Calculating Work Done by Rotating Mass: A Comprehensive Guide

[UrbanXrisis]

stumped -- work done by rotating mass

the question is http://home.earthlink.net/~urban-xrisis/clip_image002.jpg

I got the answers to questions (A) and (B) but I can't get (C)
My work is shown http://home.earthlink.net/~urban-xrisis/clip001.jpg

the books gives me an answer of $$W=0.5mv_i^2(r_i^2/r^2-1)$$


any help on where I went wrong?

 

[Doc Al]

You went wrong when you tried to find the work by multiplying the tension by $r_i - r$, which treats the tension as though it were constant. (It's not.) Instead, you must integrate to find the work done, since the tension is a function of r.

 

[thepatientmental]

It looks like you have the correct approach, but you may have made a mistake in your calculations. Let's break down the steps to see where the discrepancy may lie.

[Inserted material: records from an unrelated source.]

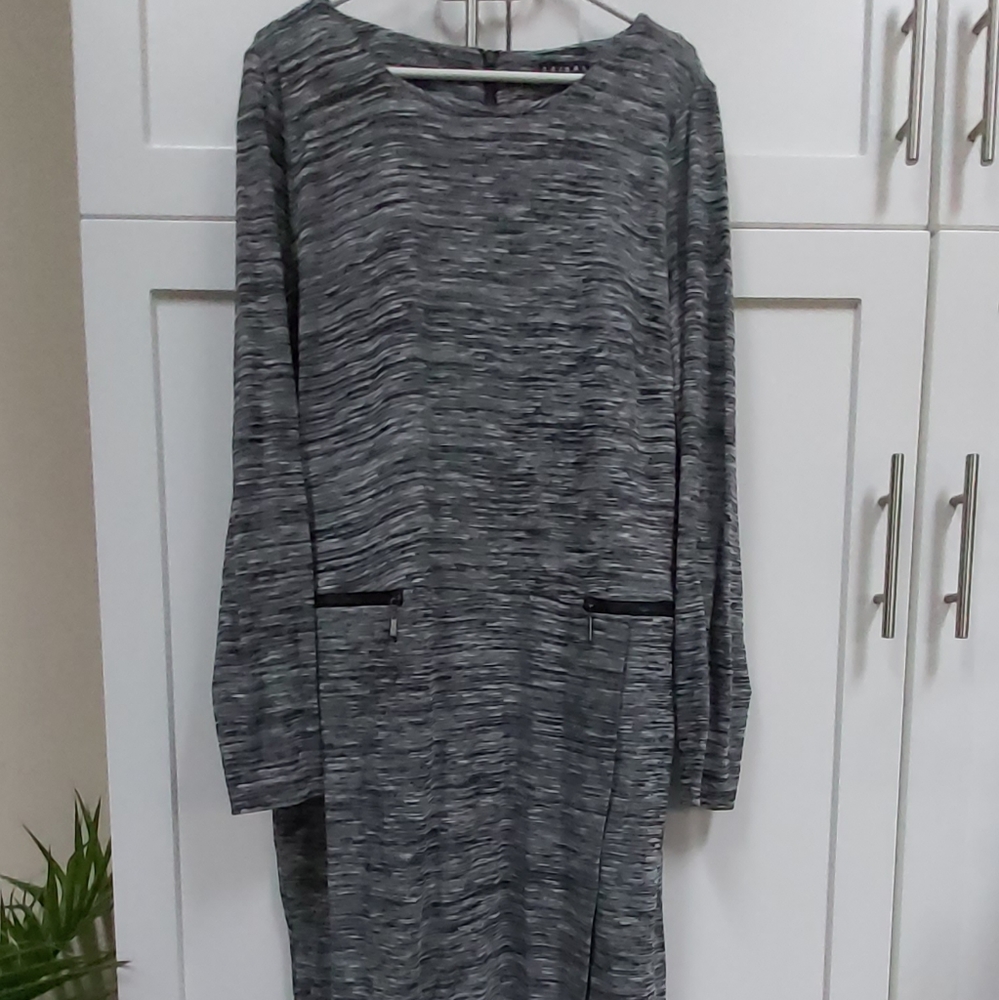 Tribal midi dress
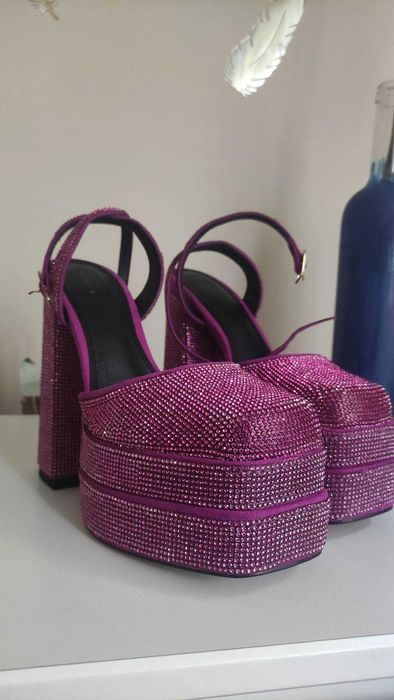 ASOS Обувки на ток с платформа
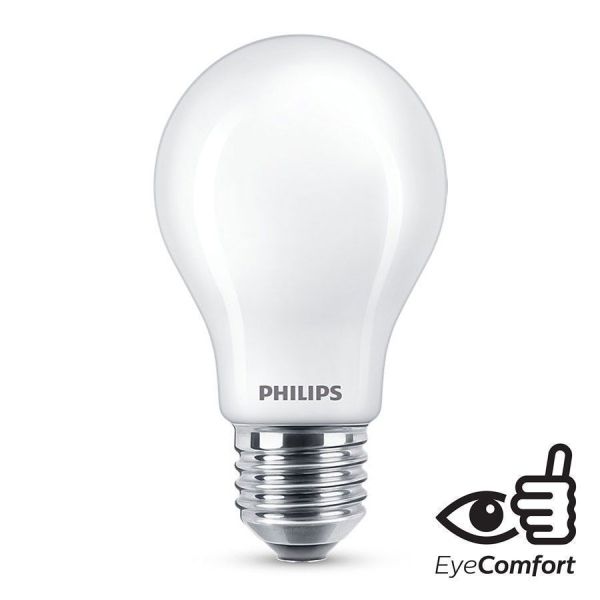 LED bulb E27 6W Opaque filament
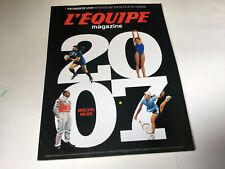 L'équipe Magazine Spécial bilan 2007 22 déc. 2007 Kachkar OM Tony Parker Laporte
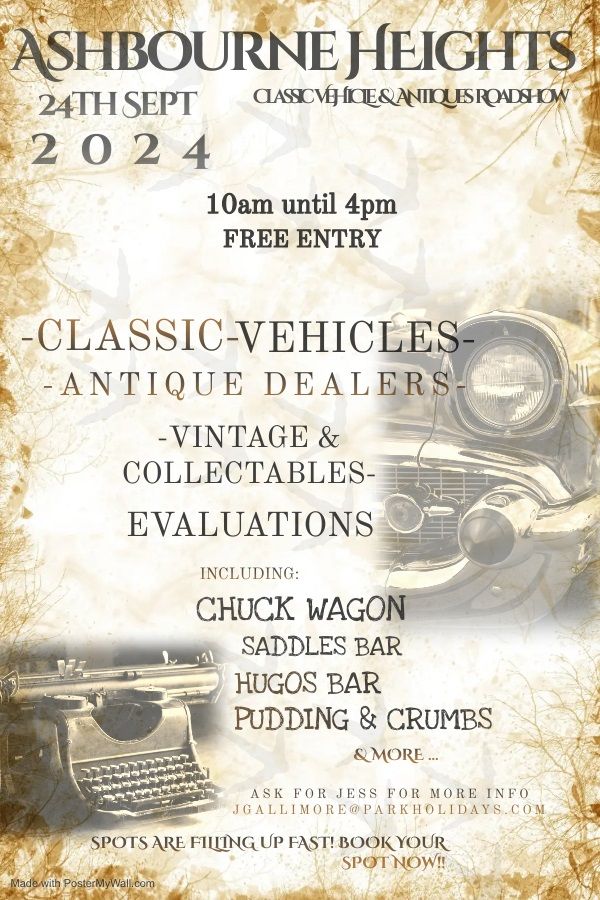 Ashbourne Heights Antiques Road and Classic Vehicle Show | Event in Ashbourne | AllEvents.in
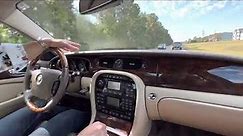 2008 Jaguar XJ8 L! Driving Video! 23,000 ORIGINAL MILES!! V8!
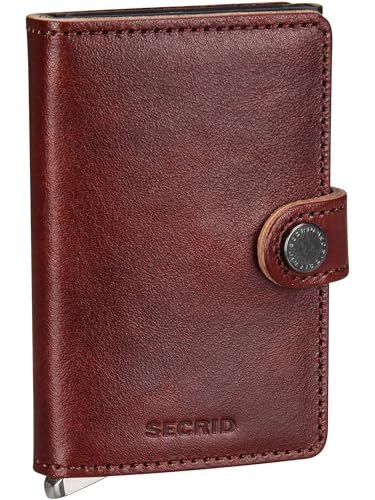 Secrid Geldbörse Premium Miniwallet Basco Secrid Geldbörse Premium Miniwallet Basco von Secrid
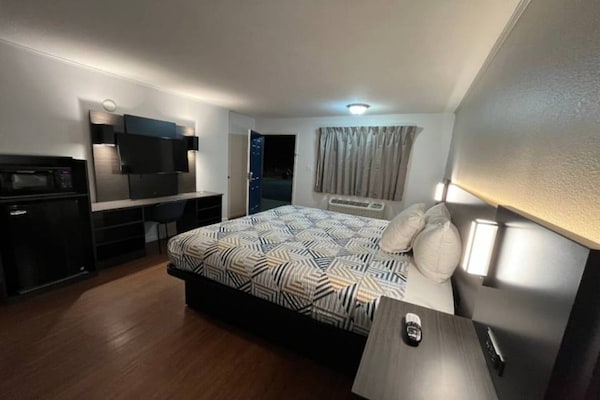 Foto van 1 Kingbed | Ns | Koelkast - Vakantiehuis in Junction - Facilities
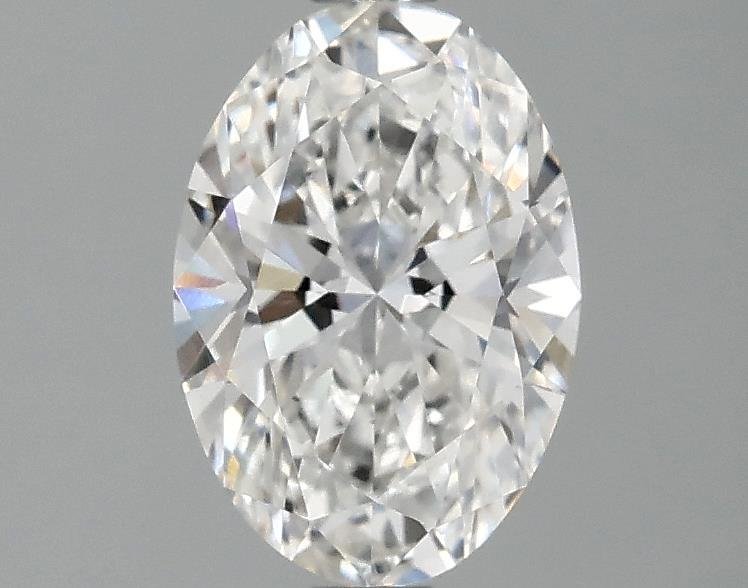 1.24 Carat Oval Lab Diamond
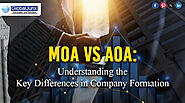 MOA vs AOA: Understanding the Key Differences in Company Formation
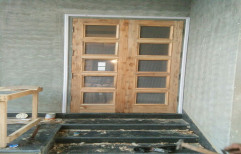 Saina Wood Wooden Decorative Jali Door, For Home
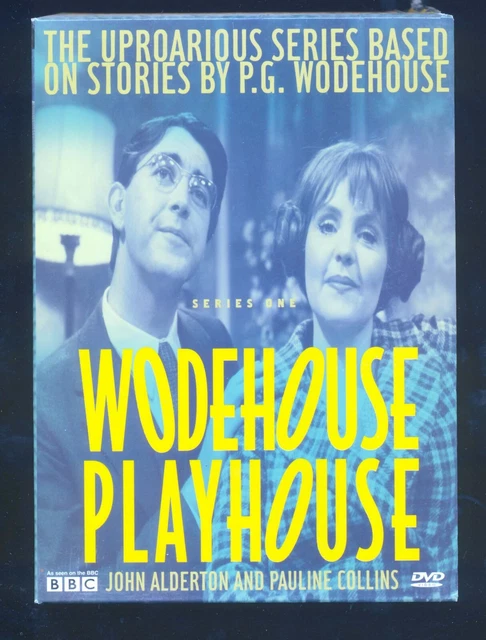 WODEHOUSE PLAYHOUSE - Series One (VHS, 2003, 3-Tape Set) EUR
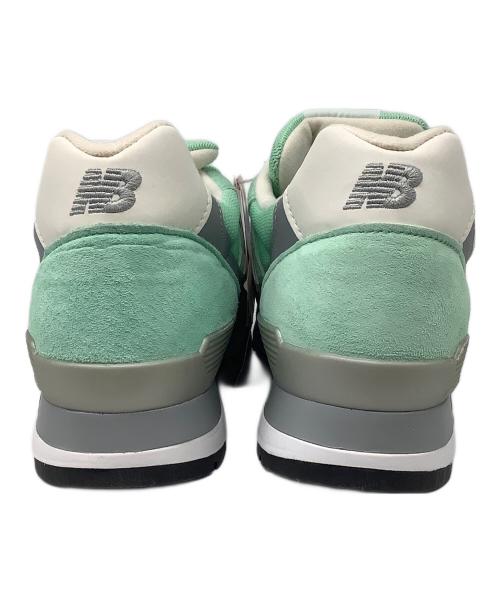 NEW BALANCE（ニューバランス）NEW BALANCE (ニューバランス) NEW BALANCE USA製 M996CPS 黄緑 サイズ:25.5 未使用品の古着・服飾アイテム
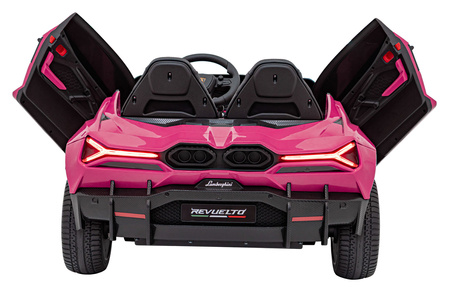 Pojazd Lamborghini Revuelto XL Różowy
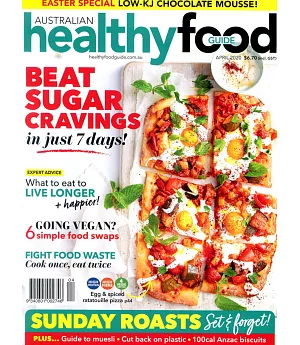 healthy food GUIDE澳洲版 4月號/2020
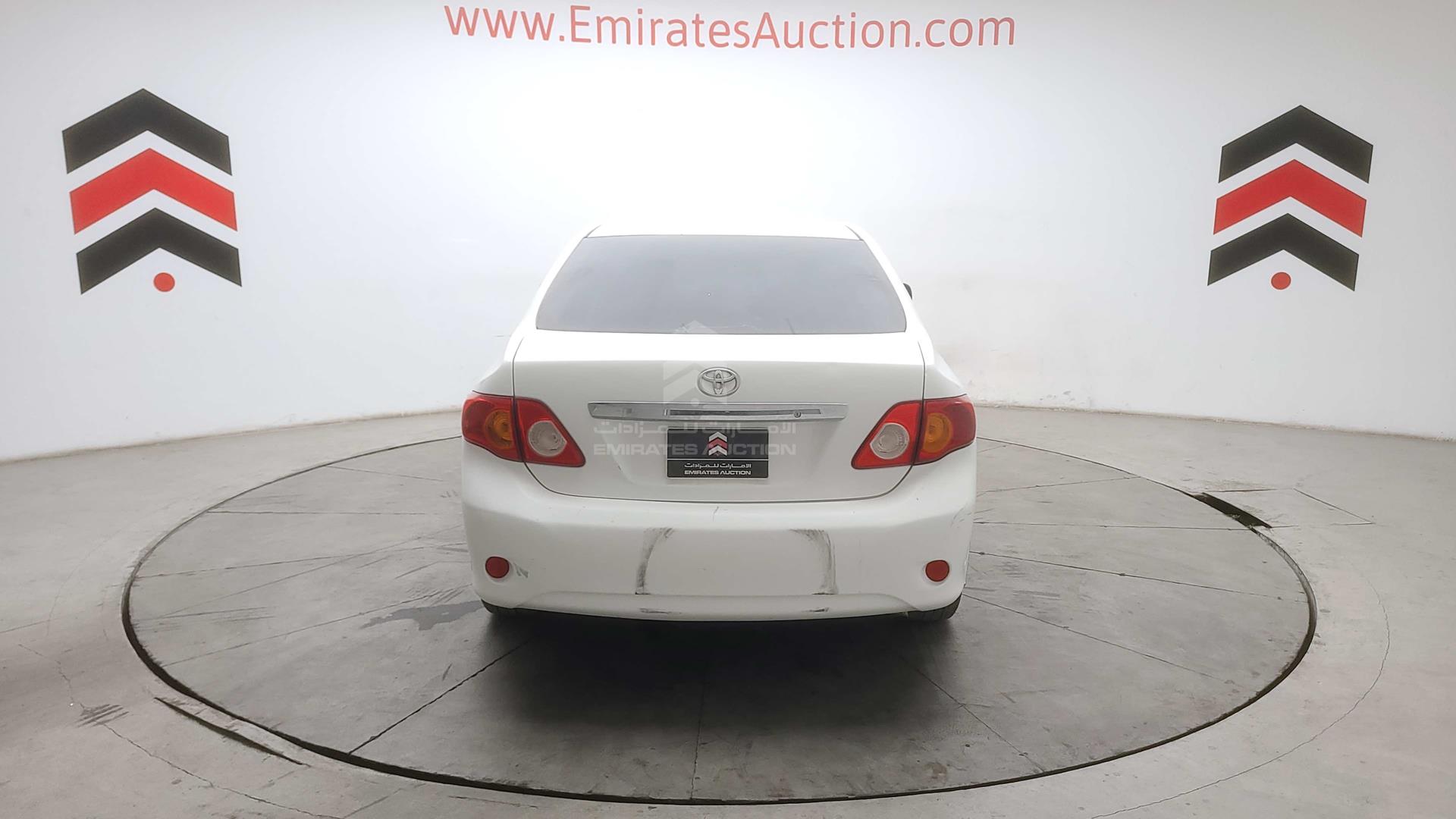 2008 TOYOTA COROLLA VIN: JTDBR42E089012249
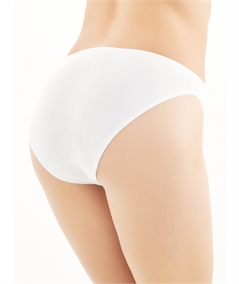 Ragno - Slip cotone classico sgambato elastizizzato 07455N - Bianco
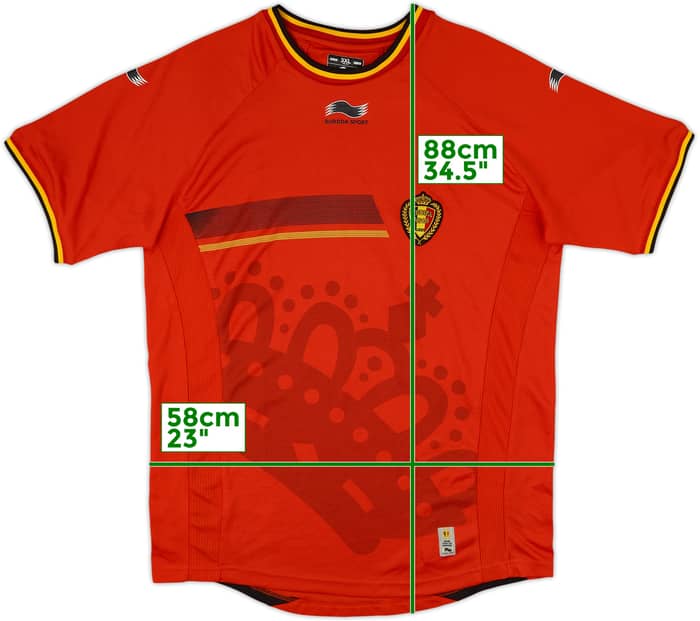 2014-15 Belgium Home Shirt - 8/10 - (3XL)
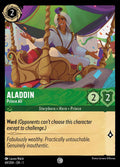 Aladdin - Prince Ali Disney Lorcana card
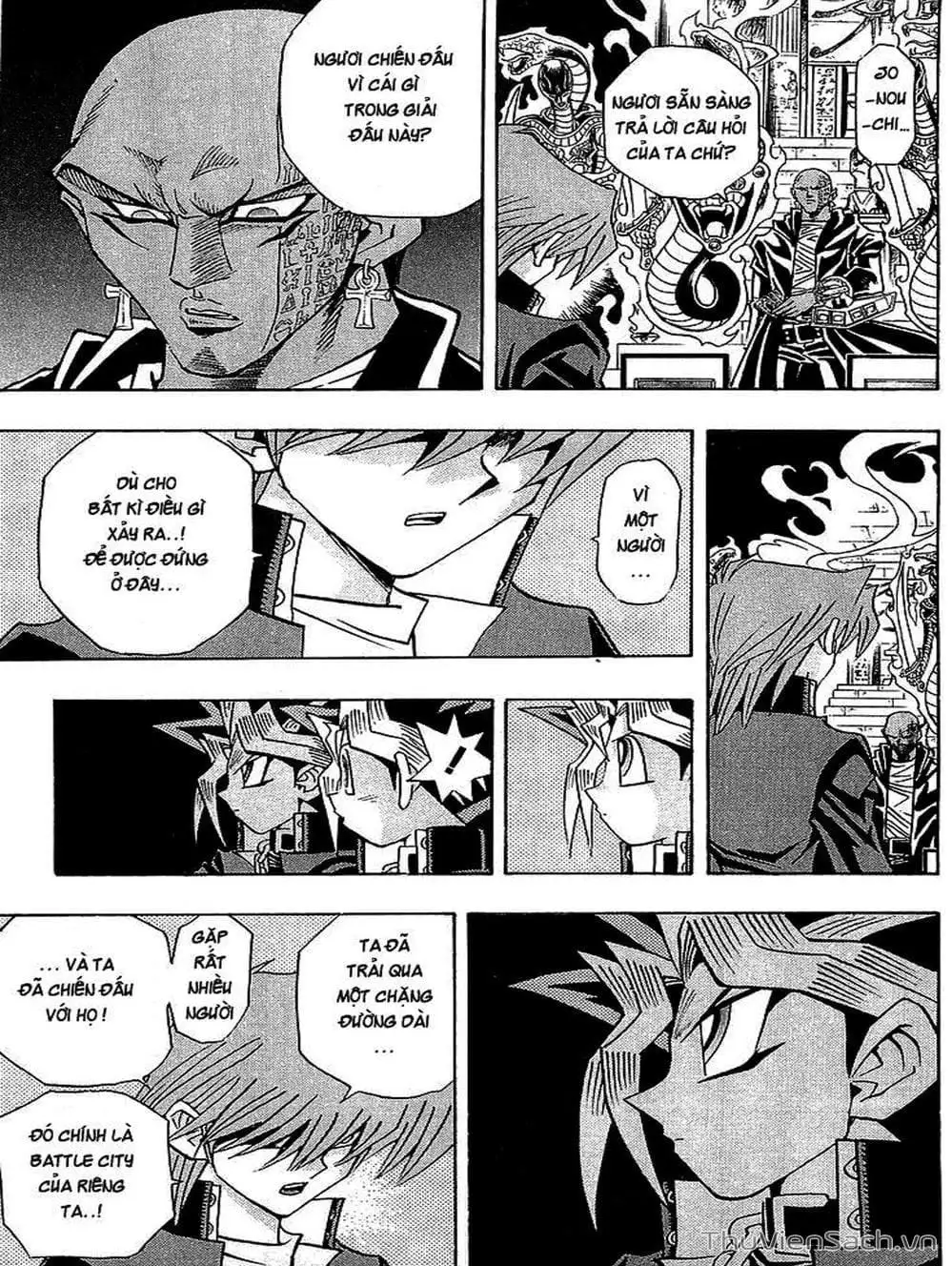 Truyện Tranh Vua Trò Chơi - Yugi Oh trang 5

First, we need to determine the initial and final positions of the mass. The initial position is when the mass is at the center of rotation, so r_i = 0. The final position is when the mass is at the outer radius, so r = 0.5m.

Next, we need to calculate the initial and final velocities of the mass. The initial velocity is given as v_i = 5m/s. To find the final velocity, we can use the equation for centripetal acceleration: a = v^2/r. Plugging in the values of v = 0 and r = 0.5m, we get a = 100m/s^2. This is the same acceleration that the mass experiences throughout its rotation, so we can use it to find the final velocity: v_f = sqrt(2ar) = 10m/s.

Now, we can plug these values into the equation for work done by a rotating mass: W = 0.5mv_f^2(r^2/r_i^2 - 1). Substituting in our values, we get W = 0.5(1kg)(10m/s)^2(0.5m^2/0^2 - 1) = 25J. This matches the answer given in the book, so it seems like your mistake may have been in the calculation of the final velocity. Double check your work and see if you can find where you went wrong.